Data extract →

++++++

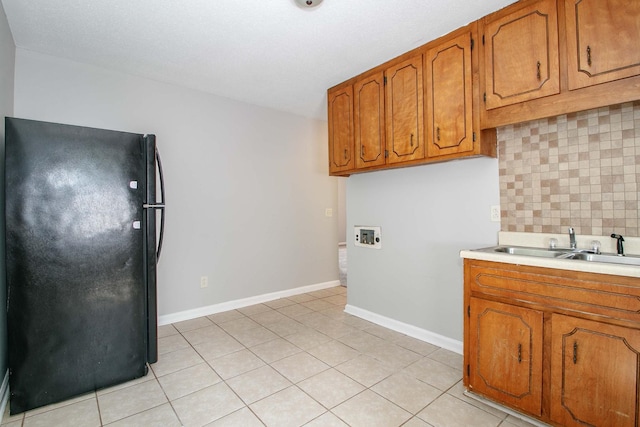 kitchen featuring a sink, light countertops, freestanding refrigerator, decorative backsplash, and brown cabinetry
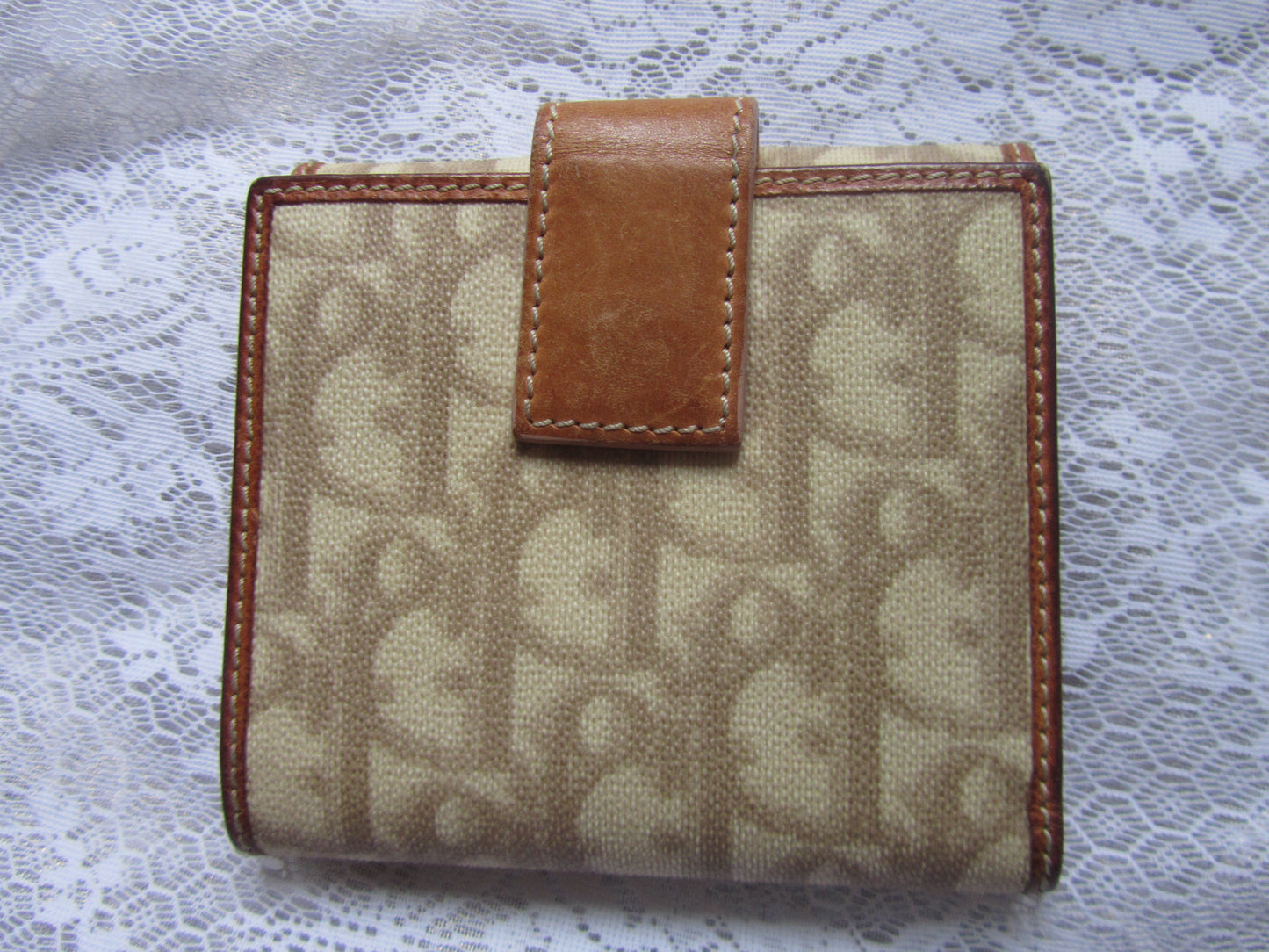 Beige wallet with brown leather accents on a lace background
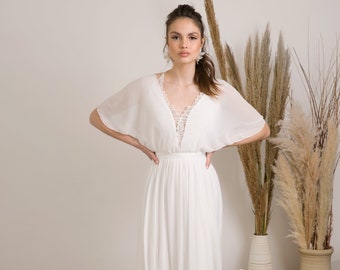 Delicate and effortlessly beautiful bohemian wedding dress handmade from soft chiffon adorn with lace neckline, kimono sleeves and a train.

++++++

What needs to be done →
Starting with the line that holds "Beige wallet with", retype each line through the last one in the listing above, exactly as written. Do not copy any pictures.

Response to this task →
 Beige wallet with brown leather accents on a lace background
 Delicate and effortlessly beautiful bohemian wedding dress handmade from soft chiffon adorn with lace neckline, kimono sleeves and a train.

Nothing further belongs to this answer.